Through the use of a sensitive gene-specific in vivo repair assay, we have shown that Chlamydomonas cells that overexpress the class II DNA photolyase PHR2 have an increased ability to perform photoreactivation in both the chloroplast and the nucleus. Through the use of this same assay, we were also able to show that phr1, a photoreactivation-deficient mutant of Chlamydomonas, is deficient not only in nuclear photorepair, but also in chloroplast photoreactivation. Finally, we have shown that PHR2 requires functional phr1 for full activity.

Given that amino acid sequence analysis of PHR2 suggests that it contains a chloroplast targeting sequence, we anticipated that overexpression of PHR2 in Chlamydomonas would result in an increased ability to photoreactivate in the chloroplast. However, the finding that overexpressing PHR2 also increased photoreactivation in the nucleus was more surprising. It is possible that the localization of PHR2 to one of these organelles is a side-effect of overexpression. This seems unlikely, however, since we were able to show that the phr1 mutation affects both cellular compartments and is required for full activity of PHR2 protein. Although the class I DNA photolyase from Saccharomyces cerevisiae has been reported to localize to both the mitochondria and the nucleus (22), this is the first report of a class II DNA photolyase being targeted to two organelles, and the only photolyase that has been localized to the chloroplast and the nucleus.
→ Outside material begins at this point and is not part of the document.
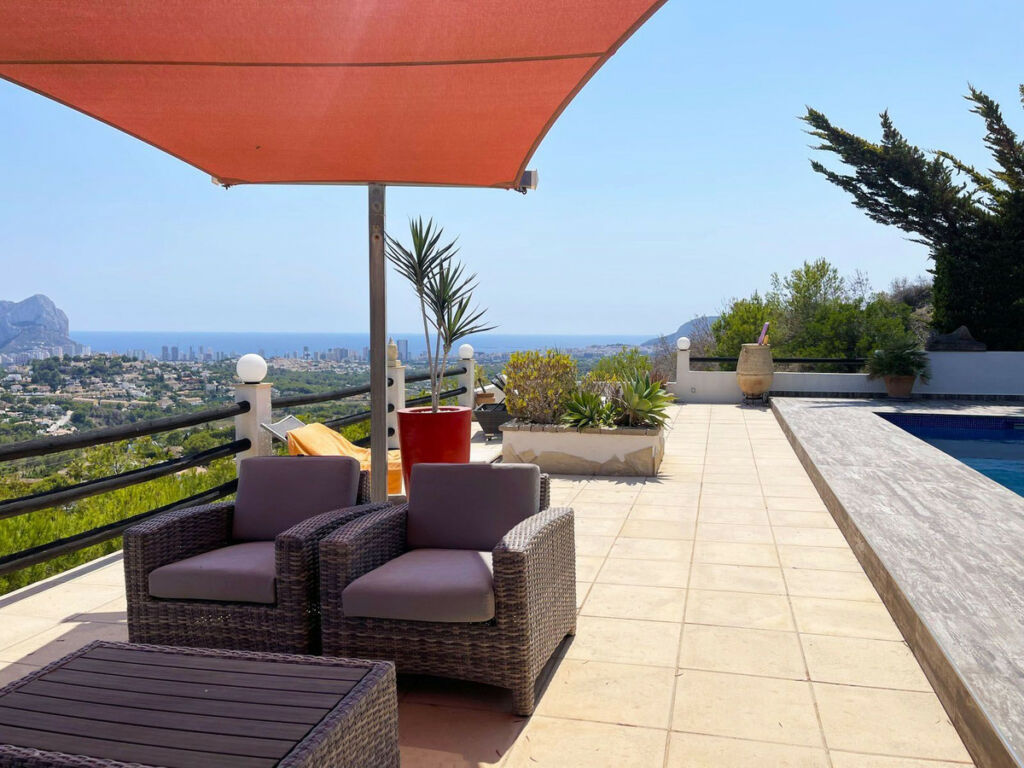 Detached Villa Calpe Alicante - image 2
The signals responsible for directing PHR2 to these subcellular locations still remain to be determined. There are several examples of gene products from the human base excision repair pathway that are localized to two distinct cellular compartments, specifically the mitochondria and the nucleus. hMYH and hOGG1, which encode the human mutY homolog and 8-oxoguanine DNA glycosylase, respectively, are alternatively spliced to generate gene products specific for these two compartments (23–25). The human uracil-DNA glycosylase gene, UNG, uses alternative transcription starts and splicing to produce two proteins, UNG1 and UNG2, which are targeted to the mitochondria and the nucleus, respectively (26). It has also been reported that the human homolog of E.coli endonuclease III, hNTH1, contains dual transport signals that direct it to both the mitochondria and the nucleus (25,27). Northern blot analysis of Chlamydomonas poly(A)⁺ RNA with a PHR2-specific probe did not indicate the presence of more than one size of message, although the presence of two mRNAs with similar sizes encoding different protein products with different targeting sequences may not have been detectable (12). Additionally, anti-Myc western blot analysis of cells overexpressing the PHR2 Myc-His gene reveals one protein of the predicted molecular mass of PHR2 Myc-His (Fig. 1A, lane 3). Based on these data, we are inclined to believe that the PHR2 gene encodes a single protein that contains transport signals for both the nucleus and the chloroplast.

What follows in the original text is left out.